Table 2. Performance comparison of different methods on ORIGA dataset

4.2.2 CDR Measurement Evaluation

We evaluate our CDR performance with absolute CDR error, which is defined as δCDR = |CDRg − CDRP|. Here, CDRg denotes the ground truth from trained clinician, and CDRP is the CDR calculated by our proposed method. From Table 2, we can conclude that our proposed method can achieve smallest CDR error compared with other methods. Smaller error of the calculated CDR shows the boundaries obtained by the proposed U-Net+CP+FL network are much finer.

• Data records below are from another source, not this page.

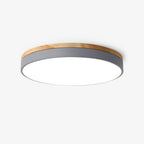 Circular wood ceiling lamp shown flush against a bedroom ceiling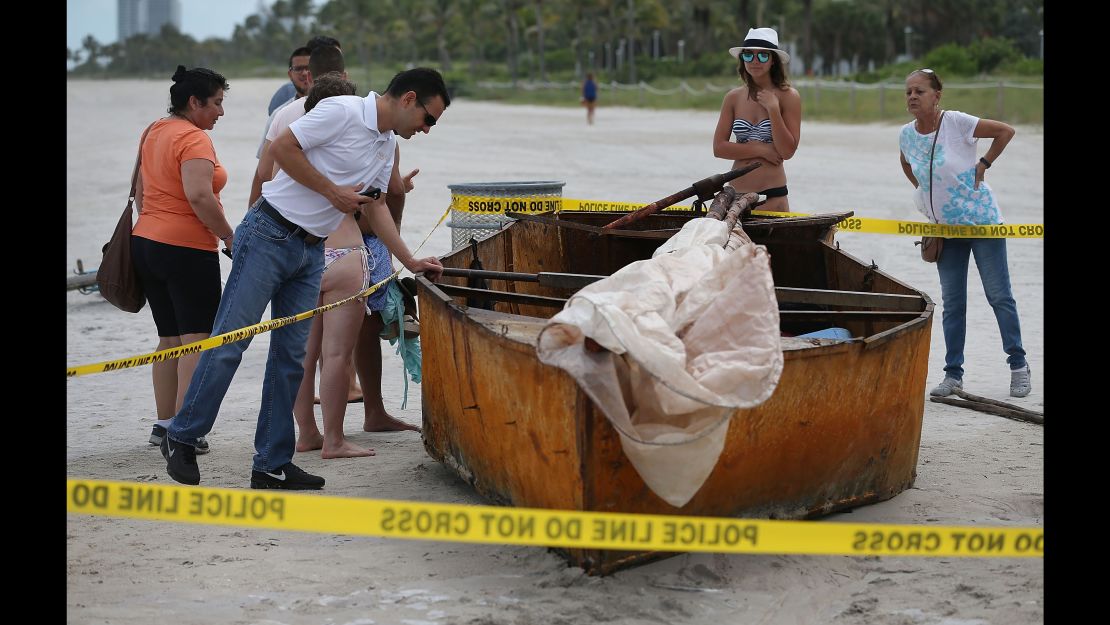 People look at a Cuban migrant boat that brought 12 people and a dog to the beach on September 15, 2015 in Miami Beach, Florida under the previous wet-foot, dry-foot policy.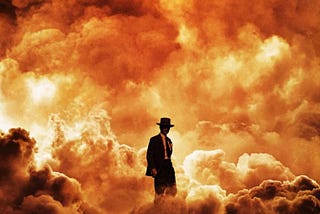 A small silhouette of Cillian Murphy as Dr. Oppenheimer, wearing his suit and hat, against the backdrop of a larger atomic explosion.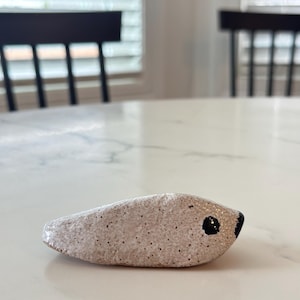 May include: A handmade ceramic sculpture of a small, stylized animal, possibly a seal or a fish. The sculpture is light pink with dark speckles and a black eye. The object is resting on a white marble surface.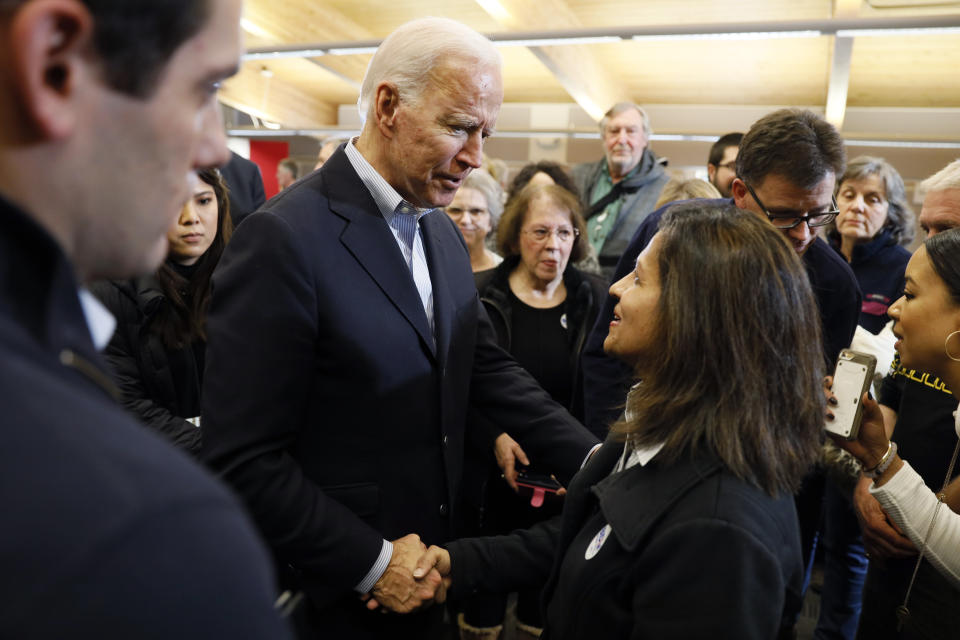 Democratic presidential candidate former Vice President Joe Biden talks with audience members during a bus tour stop at Water's Edge Nature Center, Monday, Dec. 2, 2019, in Algona, Iowa. (AP Photo/Charlie Neibergall)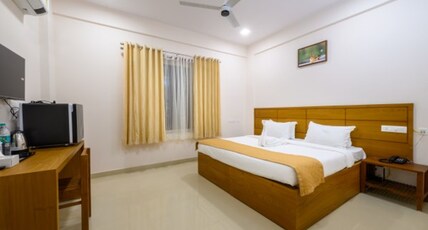 DAFFODILS AIRPORT SUITES Room Type - Deluxe Suite With Living Area
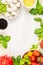 Caprese salad ingredients on white wooden background, top view, place for text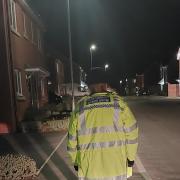 Safety - a police officer conducting an evening patrol in Halstead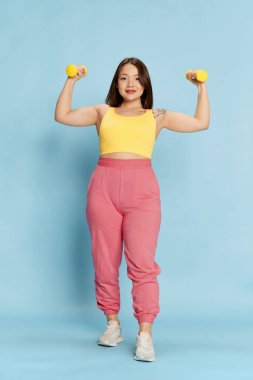 Pembe ve sarı spor kıyafetli Asyalı genç, güzel bir kızın mavi stüdyo arka planında duran dambıllarla tam boy portresi. Duyguların kavramı, yaşam tarzı, gençlik, spor, fitness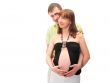 Image of pregnant woman touching her belly with hands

Furthermore, the distribution of glaucoma and non-glaucoma measured by CDR is illustrated in Fig. 8. We can clearly see that the overall distribution of calculated CDR is close to ophthalmologist especially in the inter-quartile range. Besides, the inter-quartile range is separated completely, which means that CDR can be an important clinical measurement for glaucoma diagnosis. In summary, we can conclude that the CDR performance of our proposed method is close to expert level. Observations on other test images also confirm this conclusion.

Fig. 8.
figure 8

Box plots for CDR of ophthalmologist and proposed method in test cases.

5 Conclusion

A novel CDR measurement method is proposed in this paper. The proposed method first uses morphological operation and sliding window to locate OD and further extract ROI. Then, an end-to-end deep neutral network called U-Net+CP+FL, which consists of U-shape convolutional architecture, a novel concatenating path and a multi-label fusion loss function, is proposed to simultaneously segment OD and OC. Based on the segmentation results, the CDR value can be effectively calculated. There are several advantages in the proposed method compared with the other existing algorithms. First, the OC segmentation is more accurate than other existing methods. Second, the proposed method can automatically and simultaneously segment OD and OC in an end-to-end way without any user-interaction. Finally, our work combines traditional image processing technologies with deep learning to achieve better results.

However, the proposed algorithm also has some limitations and it may lead to invalid result in some situations. For example, when OD is surrounded by parapapillary atrophy (PPA), the PPA blurs the boundary of the OD, which may result in the over segmentation problem for both OD and OC regions. Nevertheless, we provide a new way to solve the CDR calculation problem and the result appears to be quite successful in most cases. Therefore, the proposed method could be suitable for automatic glaucoma analysis in a variety of clinical settings. In the future, we will try to build our own fundus image dataset to validate the effectiveness of the proposed method.